A look to his left told Kyungsoo that his brother was still engaged in a lively conversation with the pretty man who had been reading. Kyungsoo excused himself from his own conversation and went to join Junho, who was in the middle of saying how he wanted every book in the store.

“That might be an awful lot for your dad to buy at one time,” the man said, shooting a smile at Kyungsoo, who blushed faintly. 

“That’s not my dad,” Junho said simply. “That’s my brother.”

“Oh, I shouldn’t have assumed. I thought that maybe the cat whiskers were hereditary.” 

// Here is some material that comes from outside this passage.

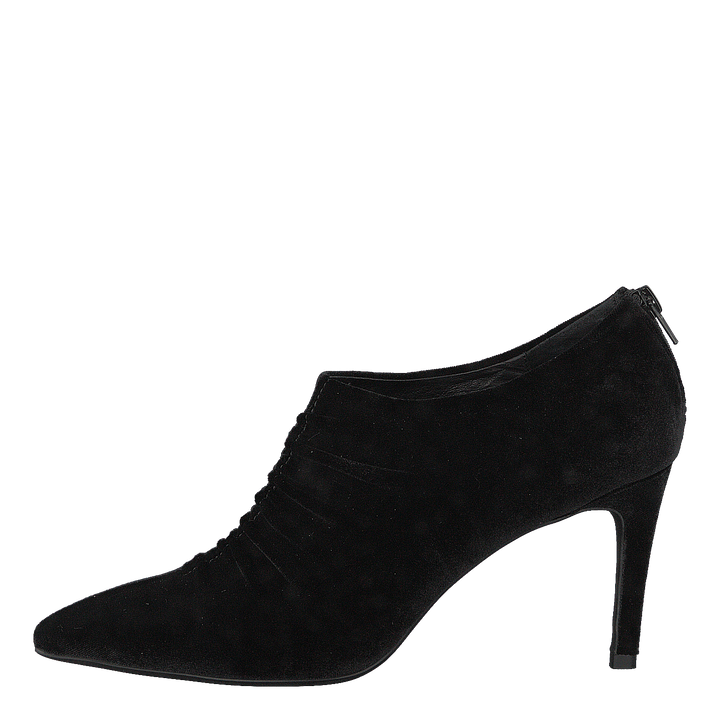Shoe Stiletto Velvet Black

Kyungsoo remembered suddenly that he had his face painted like a cat’s. He made an involuntary embarrassed noise as he brought a hand up to his cheek—as if he could cover the whiskers. The man laughed loudly.

“I’m Chanyeol Park. I own this store.”

Kyungsoo shook the hand that was offered to him. He tried his hardest to will down his blush.

“I’m—just call me Kyungsoo.”

Junho interrupted by tugging on the hem of Kyungsoo’s jacket. 

“Kyungsoo, can I get these two?” he asked. The books he held were chaptered, too advanced for him to read alone, which meant Kyungsoo would be reading aloud that night. He smiled at the image.

“Yeah, sure.”

“I can ring them through for you,” Chanyeol said happily. “This series is fantastic. There’s tons of them, too, so you’ll have lots to read,” he directed at Junho. “You guys will come back, right?”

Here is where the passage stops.